*BRIEF*.
The entries below contain pictures, which are to be left out; write out exactly, and only, the lines from the line with "I would love to change the world T-Shirt" up to and including the line with "5 (126 ps) A".

*TASK DATA*.

----------

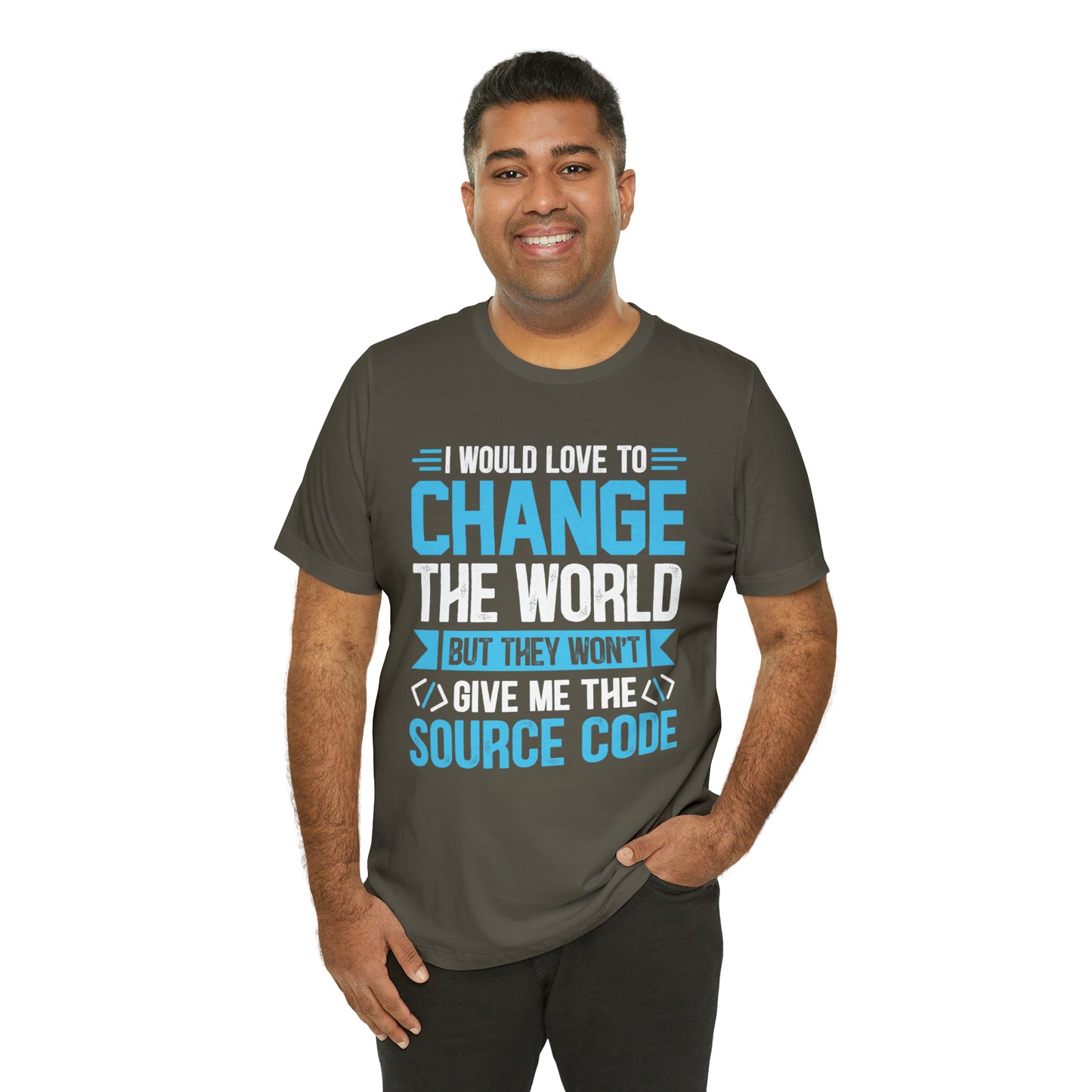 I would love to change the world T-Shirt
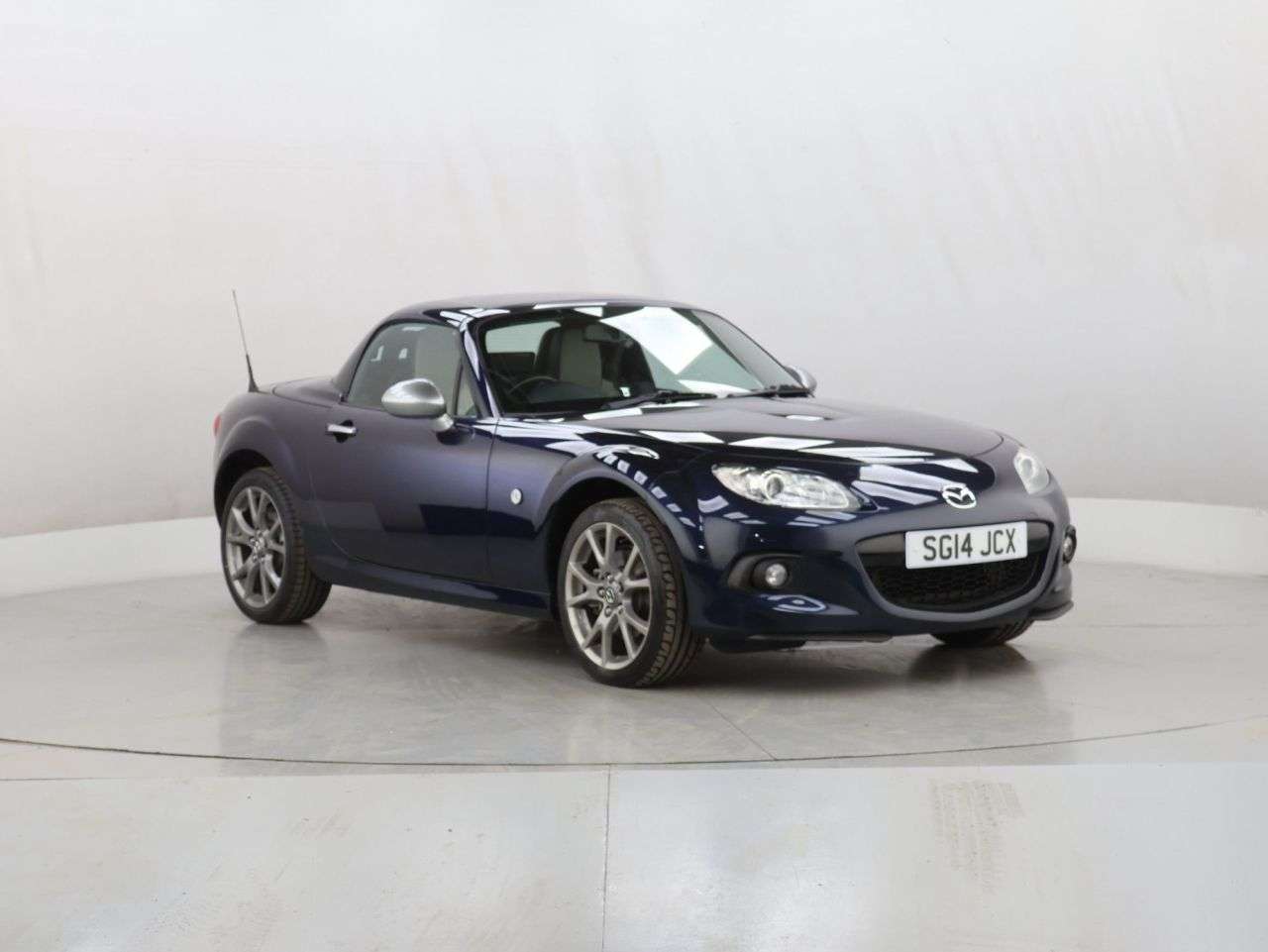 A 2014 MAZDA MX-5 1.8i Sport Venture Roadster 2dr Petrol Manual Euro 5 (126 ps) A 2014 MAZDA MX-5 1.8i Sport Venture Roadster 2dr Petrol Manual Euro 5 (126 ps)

----------

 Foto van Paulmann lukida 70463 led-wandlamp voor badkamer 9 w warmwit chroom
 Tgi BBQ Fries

----------

*SOLVED EXERCISE*.
 I would love to change the world T-Shirt
 A 2014 MAZDA MX-5 1.8i Sport Venture Roadster 2dr Petrol Manual Euro 5 (126 ps) A 2014 MAZDA MX-5 1.8i Sport Venture Roadster 2dr Petrol Manual Euro 5 (126 ps)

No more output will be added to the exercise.